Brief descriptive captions
───
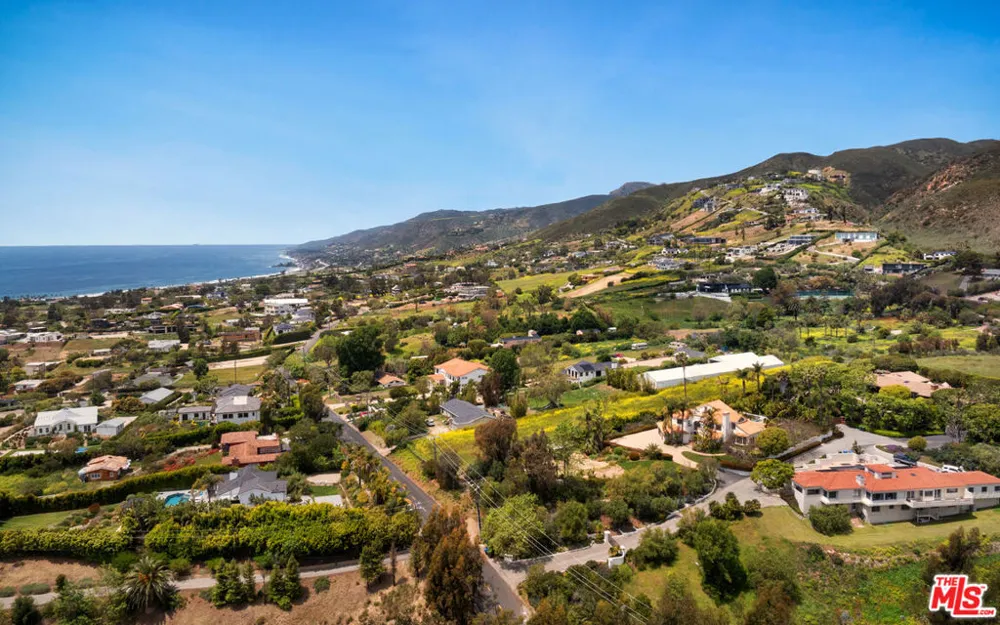 29675 Harvester Road Malibu, CA 90265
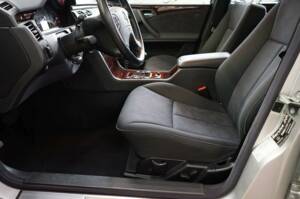 Bild 26/38 von Mercedes-Benz E 200 Kompressor (2001)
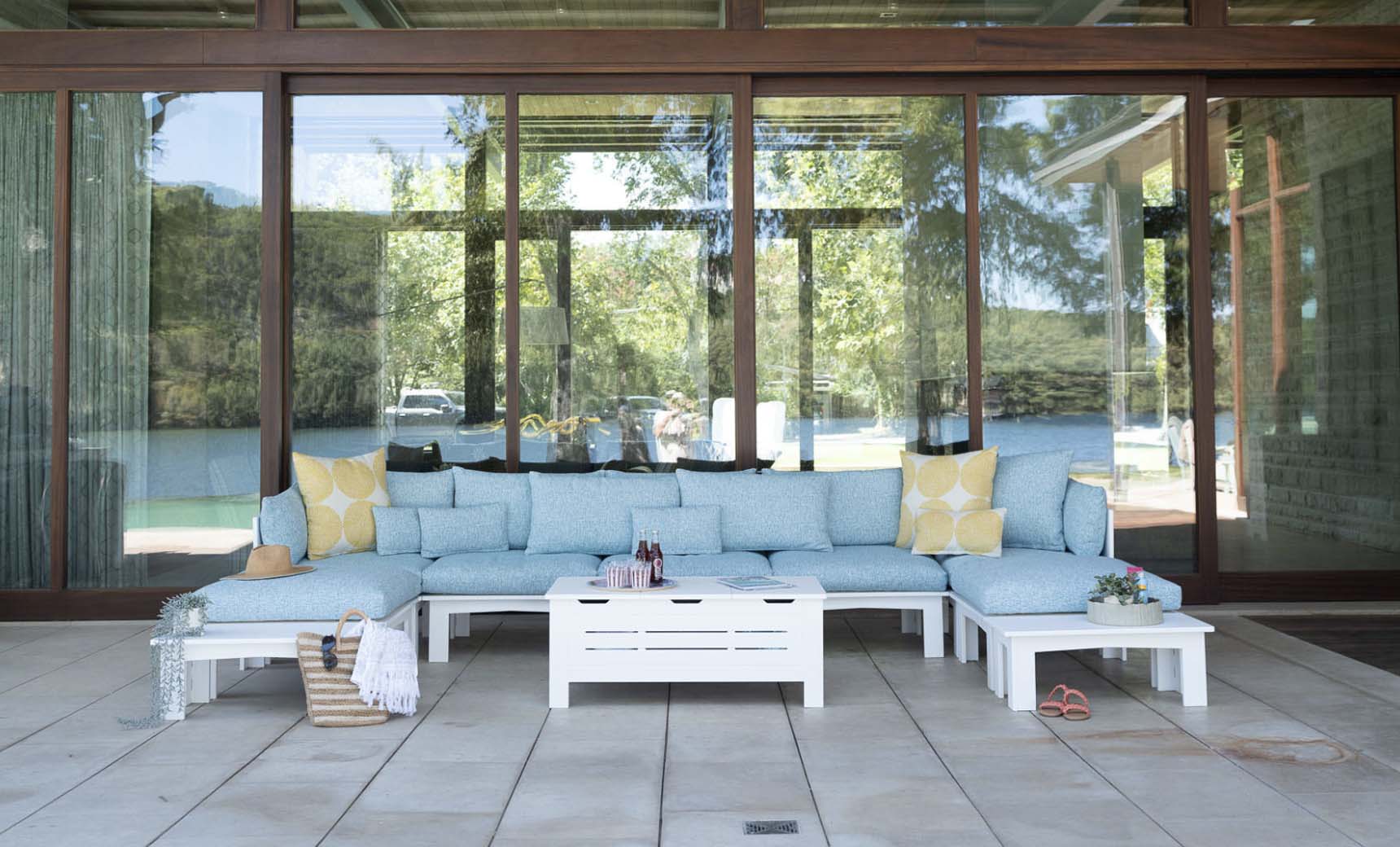 Outdoor Sectionals and Sofas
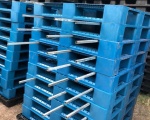 Sự khác biệt giữa pallet nhựa lõi sắt và pallet nhựa không có lõi sắt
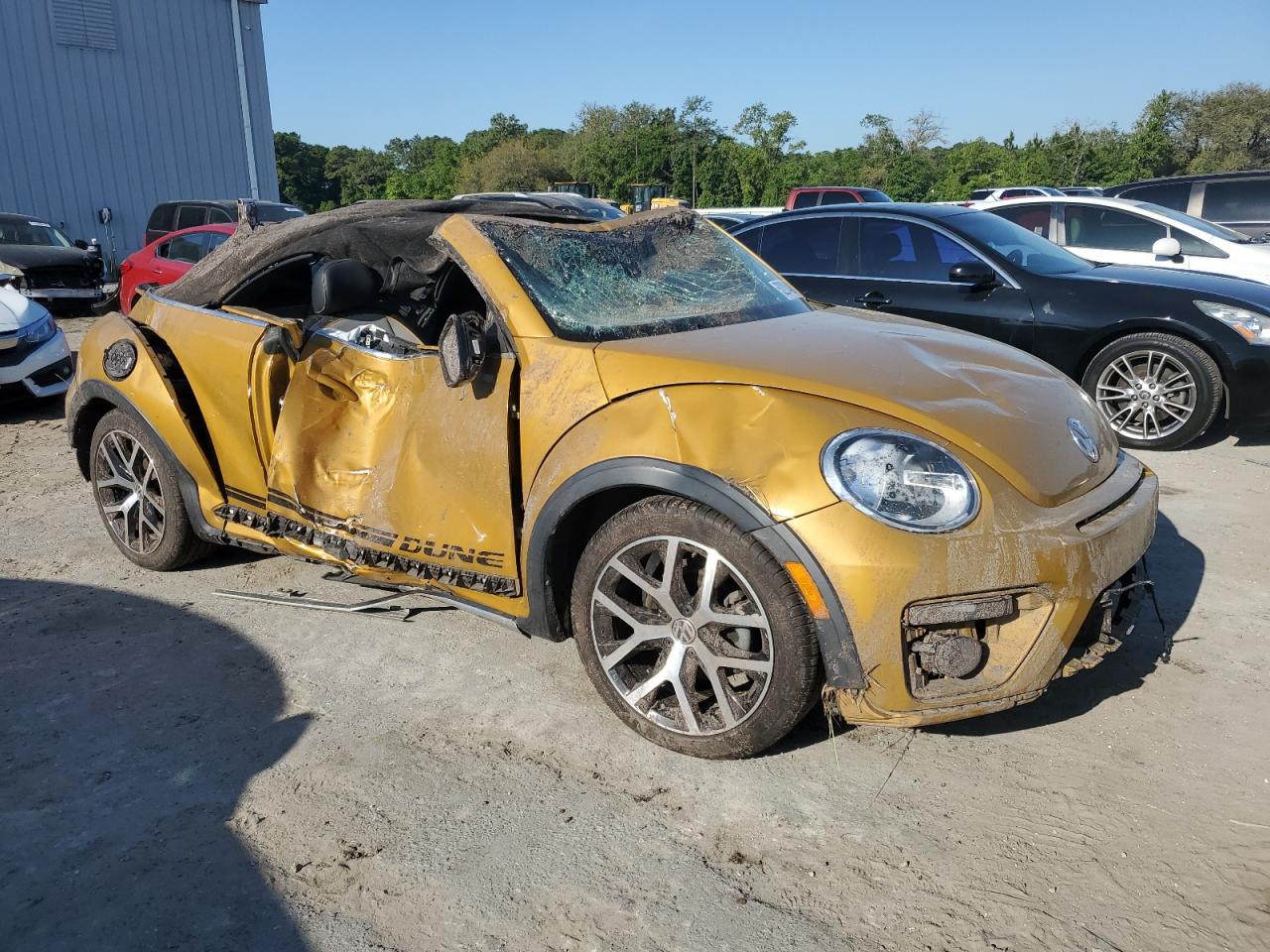 3VWT17AT1HM809802 2017 Volkswagen Beetle Dune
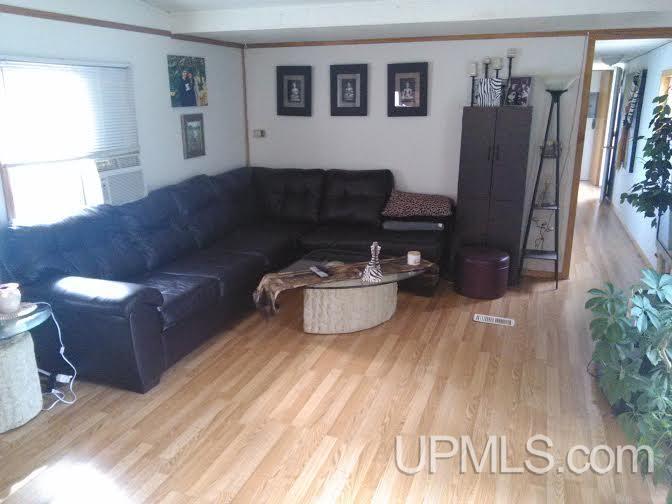 5487 J 5 Escanaba, MI 49829 - Photo 8 of 20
───
» **PROBLEM DESCRIPTION**: Please write out, word for word, only the lines from the one holding "3VWT17AT1HM809802 2017 Volkswagen" through the end of the records above, with both end lines included and the pictures dropped.

» **REPLY**:
 3VWT17AT1HM809802 2017 Volkswagen Beetle Dune
 5487 J 5 Escanaba, MI 49829 - Photo 8 of 20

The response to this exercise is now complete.